Ich glaube, das passt auch gut zu dem, was wir gestern erwähnt haben: Du hast ja jetzt einen eigenen Podcast am Laufen mit dem Titel „Die Bibel verstehen“. Für alle, die da mal reinhören wollen, gibt es die dazugehörige Webseite www.diebibelverstehen.de.
Das könnten spannende Themen sein, vor allem mit einem Bezug zu den reformierten Theologen, Philosophen und Erkenntnistheoretikern, die du erwähnt hast. Das wäre wirklich sehr interessant.
Ausblick auf zukünftige Projekte und Abschlussworte
Ja, ich bereite gerade etwas vor. Ich habe eine kleine Idee, bei der ich versuche, etwa zehn, vielleicht auch zwanzig oder etwas mehr Fragen beziehungsweise Einwände zum Glauben genauer unter die Lupe zu nehmen. Dabei haben alle diesen Stil: Warum der Einwand, dass der Glaube eine Wunschprojektion des Gehirns sei, eine Wunschprojektion des Gehirns ist.

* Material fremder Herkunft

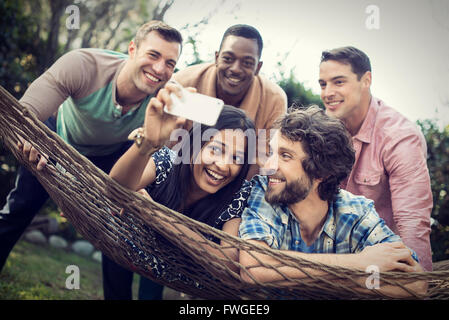 Eine Gruppe von Freunden Faulenzen in einer großen Hängematte im Garten ein Bier, und ein Selbstporträt. Stockfoto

Man merkt nämlich, dass viele Einwände genau mit dem Problem zu kämpfen haben, warum der Glaube als Wunschprojektion angesehen wird. Oder warum der Einwand, dass Wunder ziemlich ungewöhnlich sind, selbst ein Wunder ist, das ungewöhnlich ist. Die Einwände, die man häufig bringt, sind also innerlich und inhaltlich oft ziemlich hohl.
Ich freue mich darauf, das wird ein toller Podcast. Für uns heute ist das ein schönes Schlusswort. Die Zeit ist leider abgelaufen. Vielleicht können wir nächstes Jahr, wenn wir uns hier in Rehe wiedersehen, noch einmal ein Interview führen. Wir werden sehen.
Vielleicht möchtest du uns dann davon berichten, wie das mit deinem Podcast angelaufen ist. Ich bedanke mich an dieser Stelle für diese fünf Episoden – ein echter Bibellehrer. Ich wünsche unseren Zuhörern noch gottesreichen Segen.
Macht’s gut, tschüss! Der Herr segne dich, erfahre seine Gnade und lebe in seinem Frieden. Amen.